Answer: Option (D) 25 m


This is a question of Projectile Motion.

We will use one simple concept: At maximum height, the vertical component of velocity is zero. That is, at max height, only horizontal velocity remains.


We will only use the function of $y$

$y = 10t-t^2 \quad --- (1)$

We need max height.

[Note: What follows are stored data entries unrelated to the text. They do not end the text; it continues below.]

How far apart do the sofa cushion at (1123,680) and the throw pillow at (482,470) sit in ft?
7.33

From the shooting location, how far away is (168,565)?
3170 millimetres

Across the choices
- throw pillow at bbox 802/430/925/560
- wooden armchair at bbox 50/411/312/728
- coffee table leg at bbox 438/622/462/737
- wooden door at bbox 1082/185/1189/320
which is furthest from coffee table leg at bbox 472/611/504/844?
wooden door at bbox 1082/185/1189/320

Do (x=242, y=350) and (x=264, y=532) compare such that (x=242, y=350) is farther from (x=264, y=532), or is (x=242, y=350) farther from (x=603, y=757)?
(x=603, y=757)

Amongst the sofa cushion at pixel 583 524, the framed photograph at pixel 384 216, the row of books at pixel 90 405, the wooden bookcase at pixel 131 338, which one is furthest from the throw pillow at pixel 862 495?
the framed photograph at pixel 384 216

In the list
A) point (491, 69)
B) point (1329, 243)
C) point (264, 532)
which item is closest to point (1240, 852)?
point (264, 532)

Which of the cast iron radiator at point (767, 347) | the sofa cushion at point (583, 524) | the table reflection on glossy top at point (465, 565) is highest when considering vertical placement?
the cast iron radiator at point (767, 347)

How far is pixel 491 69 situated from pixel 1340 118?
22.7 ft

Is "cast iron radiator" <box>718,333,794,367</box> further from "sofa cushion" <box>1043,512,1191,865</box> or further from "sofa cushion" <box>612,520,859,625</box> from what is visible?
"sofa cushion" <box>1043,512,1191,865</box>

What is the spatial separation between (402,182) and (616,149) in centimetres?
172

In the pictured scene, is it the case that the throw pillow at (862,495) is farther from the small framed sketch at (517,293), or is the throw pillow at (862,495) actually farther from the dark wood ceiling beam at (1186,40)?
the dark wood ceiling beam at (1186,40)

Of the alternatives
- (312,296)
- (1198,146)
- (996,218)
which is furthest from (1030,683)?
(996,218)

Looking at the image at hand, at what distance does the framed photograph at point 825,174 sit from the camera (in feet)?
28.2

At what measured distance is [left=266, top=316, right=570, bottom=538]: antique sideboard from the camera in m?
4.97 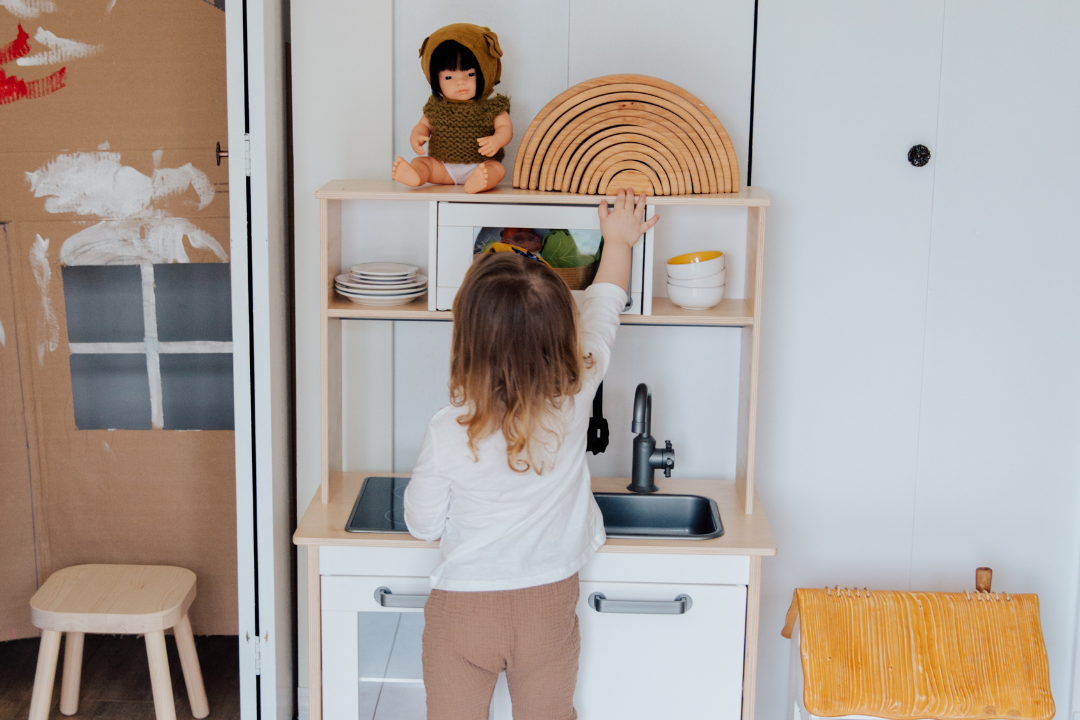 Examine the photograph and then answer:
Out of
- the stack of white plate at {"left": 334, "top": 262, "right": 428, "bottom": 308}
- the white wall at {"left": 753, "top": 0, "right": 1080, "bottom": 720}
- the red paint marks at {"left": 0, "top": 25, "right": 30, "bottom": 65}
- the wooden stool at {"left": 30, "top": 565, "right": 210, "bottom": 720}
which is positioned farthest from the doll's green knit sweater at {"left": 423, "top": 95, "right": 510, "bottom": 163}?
the wooden stool at {"left": 30, "top": 565, "right": 210, "bottom": 720}

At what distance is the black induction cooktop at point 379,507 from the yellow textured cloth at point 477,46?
0.90 m

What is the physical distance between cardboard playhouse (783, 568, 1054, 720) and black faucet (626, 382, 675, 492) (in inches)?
15.8

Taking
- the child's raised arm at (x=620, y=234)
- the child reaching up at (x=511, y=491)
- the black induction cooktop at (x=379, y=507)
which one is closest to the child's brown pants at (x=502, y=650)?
the child reaching up at (x=511, y=491)

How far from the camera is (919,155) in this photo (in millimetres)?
2115

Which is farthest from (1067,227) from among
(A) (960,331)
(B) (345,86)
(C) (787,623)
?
(B) (345,86)

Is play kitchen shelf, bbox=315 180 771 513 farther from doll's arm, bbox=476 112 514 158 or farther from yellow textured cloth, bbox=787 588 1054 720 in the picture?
yellow textured cloth, bbox=787 588 1054 720

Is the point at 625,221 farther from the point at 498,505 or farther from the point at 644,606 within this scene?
the point at 644,606

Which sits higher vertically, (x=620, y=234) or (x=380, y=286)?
(x=620, y=234)

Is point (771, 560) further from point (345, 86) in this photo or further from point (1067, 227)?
point (345, 86)

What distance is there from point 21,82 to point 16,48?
7 cm

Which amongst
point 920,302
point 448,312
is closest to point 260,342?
point 448,312

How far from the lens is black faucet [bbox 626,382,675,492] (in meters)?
2.06

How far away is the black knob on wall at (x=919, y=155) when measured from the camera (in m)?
2.11

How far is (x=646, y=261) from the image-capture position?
1944 mm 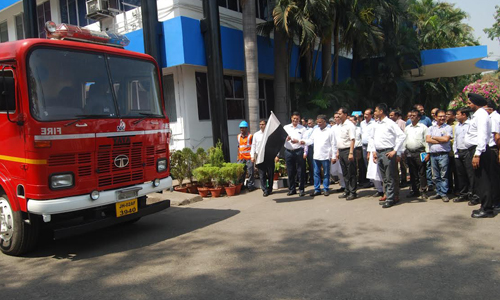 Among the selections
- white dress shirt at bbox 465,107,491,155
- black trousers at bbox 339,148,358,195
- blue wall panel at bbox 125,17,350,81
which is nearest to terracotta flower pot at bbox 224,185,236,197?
black trousers at bbox 339,148,358,195

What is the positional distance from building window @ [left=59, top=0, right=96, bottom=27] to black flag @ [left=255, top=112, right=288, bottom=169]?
32.3ft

For that, we will need to find the time at which vertical component of velocity becomes zero.

To find vertical component of velocity, we differentiate vertical displacement with respect to time.

We have:

$y=10t-t^2 \\ \\ \\ \implies v_y = \frac{dy}{dt} = 10-2t$

$\text{Now consider }v_y = 0 \\ \\ \implies 10-2t=0 \\ \\ \implies 10=2t \\ \\ \implies t = \frac{10}{2} \\ \\ \implies t = 5 \, \, s$

So, we see that vertical component of velocity becomes zero at $t=5 \, \,s$. We can put t = 5 in (1) to find displacement corresponding to that point, which is the Max Height


$y = 10t-t^2 \\ \\ \text{Max Height reached at }t=5 \\ \\ \implies H_{max} = 10(5)-(5)^2 \\ \\ \implies H_{max} = 50-25 \\ \\ \\ \implies \boxed{H_{max}=25 \, \, m}$

Thus, The Maximum Height Reached is 25 meters.